* [Activity]: In the entries below, find the line containing "NBA Denver Nuggets" and the line containing "Dental Appointment Card". Copy those two lines and everything between them exactly, without the pictures.

>>>

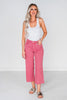 Judy Blue Rose Pink Wide Leg Cropped Jeans - Whiskey Skies - JUDY BLUE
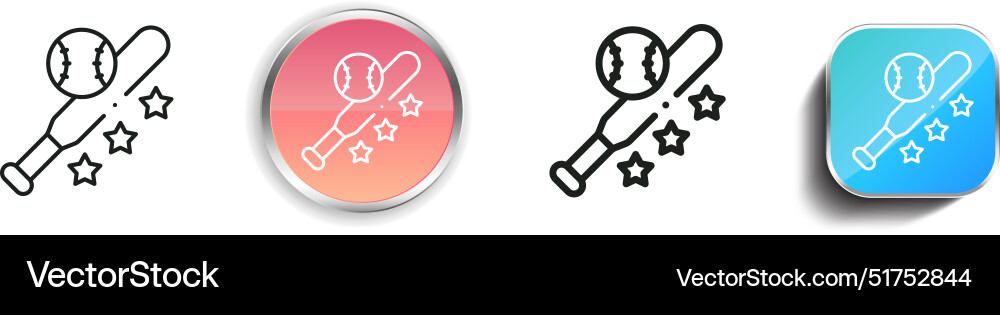 Baseball icon thin linear regular and button Baseball icon thin linear regular and button Vector Image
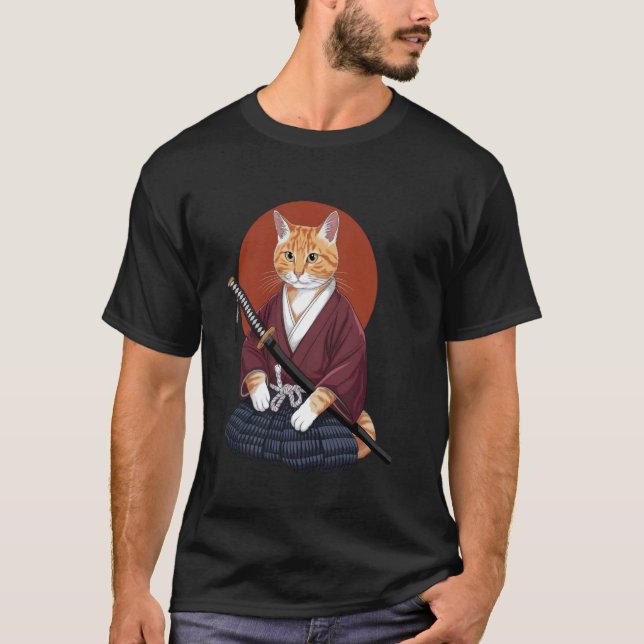 Camiseta Gato Samurai em Armadura Tradicional com Desenho d (Frente)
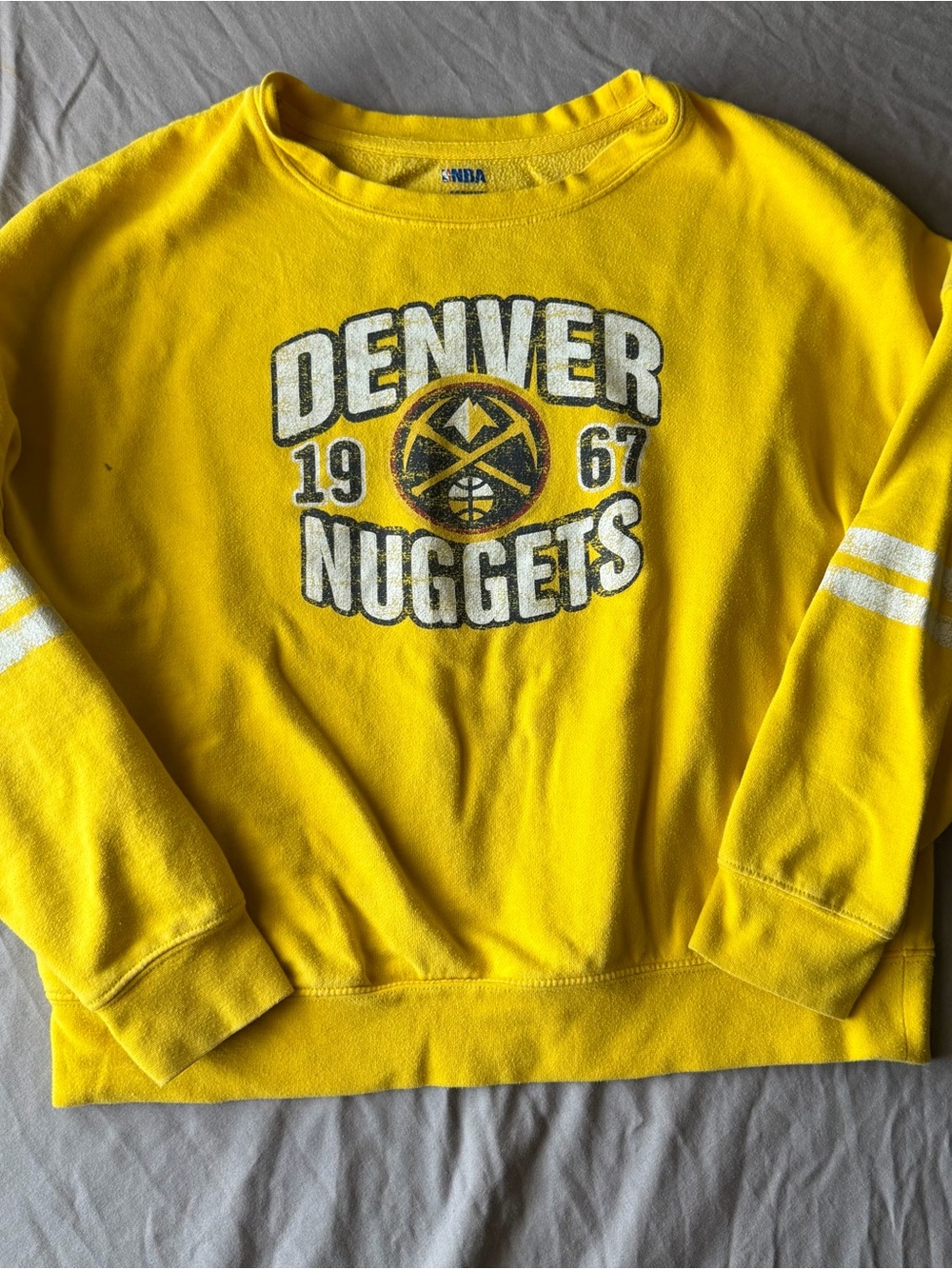 NBA Denver Nuggets Bright Yellow Crewneck Sweatshirt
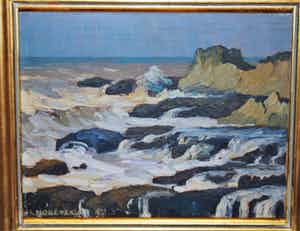 Jules Louis Moreteau - Wilde zee bij Mogador, Marokko - olieverf op paneel 1931 verkocht voor € 89!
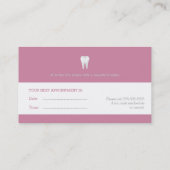 Dental Appointment Card | Roze tandarts Afsprakenkaartje (Achterkant)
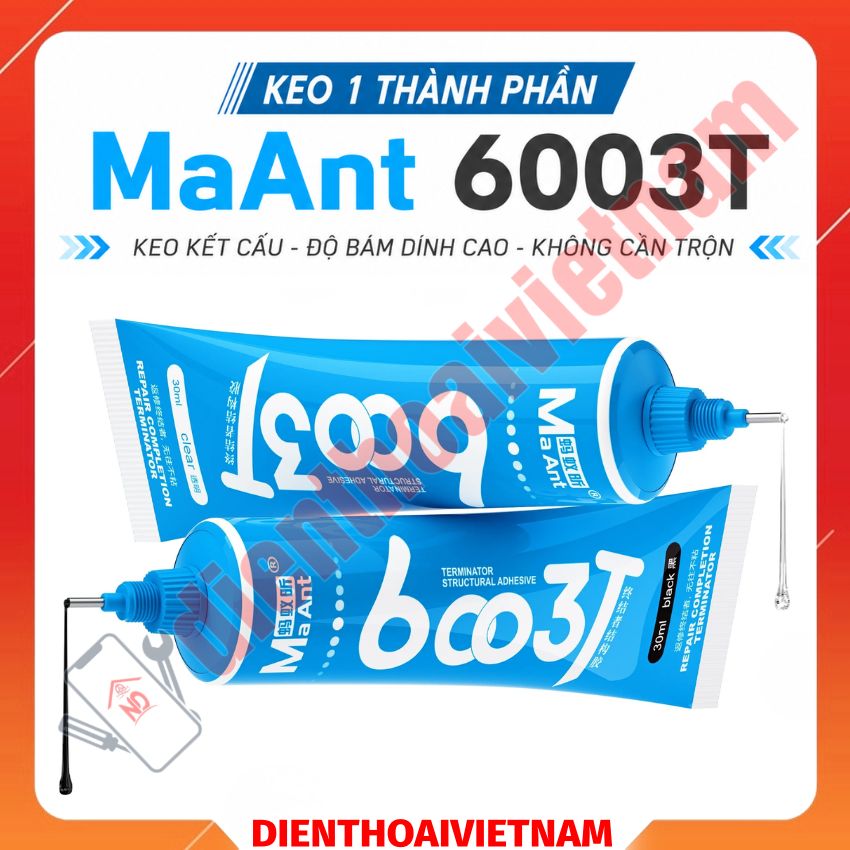 Keo 1 thành phần MaAnt 6003T Terminator structural adhesive 30ml, màu đen - trong suốt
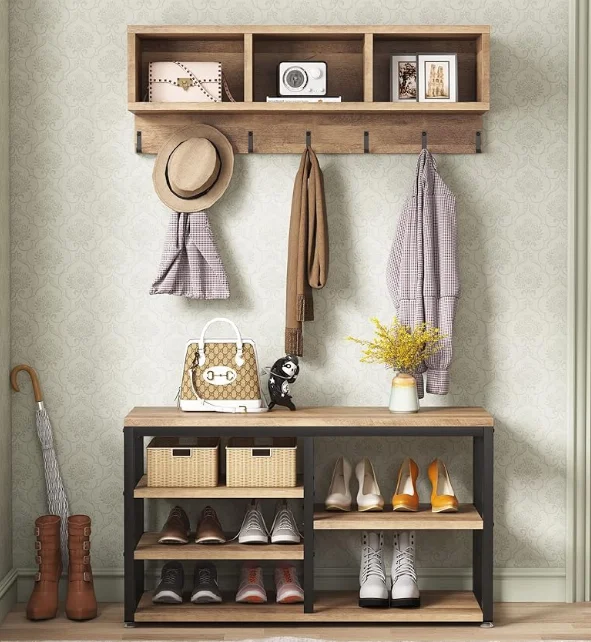 

Coat Rack Set Hall Tree Industrial Shoe Bench 3 Storage Cubbies 7 Hooks for Entryway Hallway 5-in-1Design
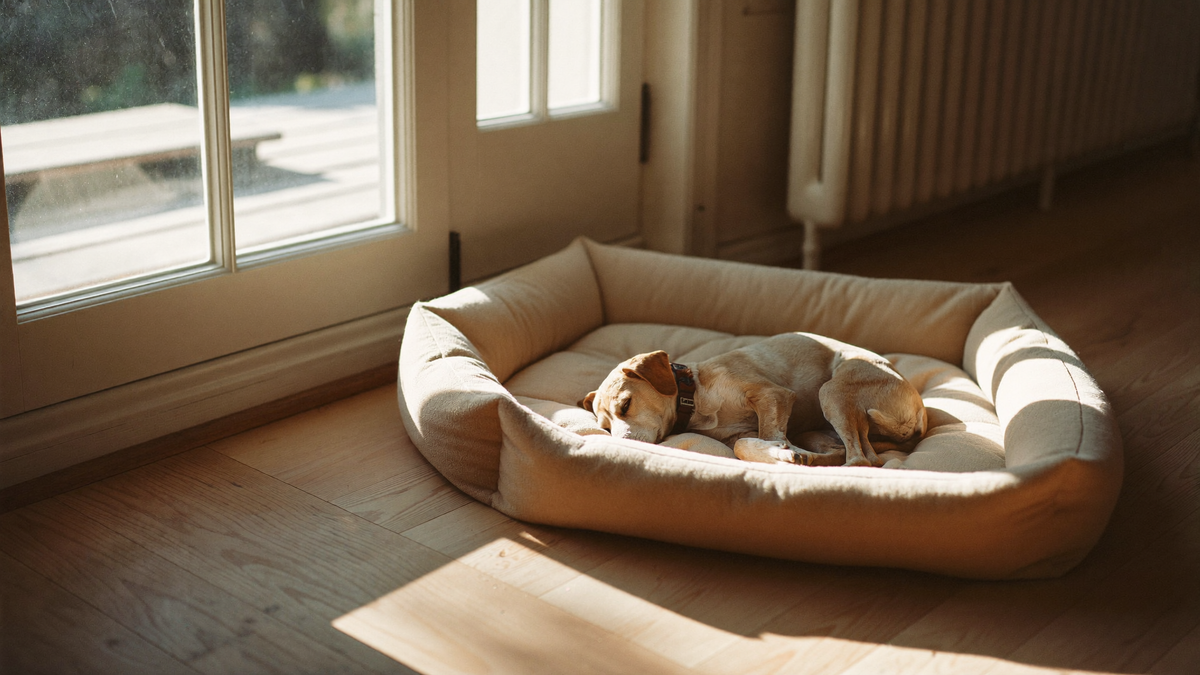 Hund hoprullad och sovande i en hundbädd vid en fönsterdörr i morgonljus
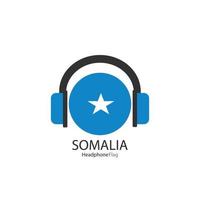 vetor de bandeira de fone de ouvido Somália em fundo branco.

<<<

* [Exercise result]:
 NBA Denver Nuggets Bright Yellow Crewneck Sweatshirt
 Jules Louis Moreteau - Wilde zee bij Mogador, Marokko - olieverf op paneel 1931 verkocht voor € 89!
 Dental Appointment Card | Roze tandarts Afsprakenkaartje (Achterkant)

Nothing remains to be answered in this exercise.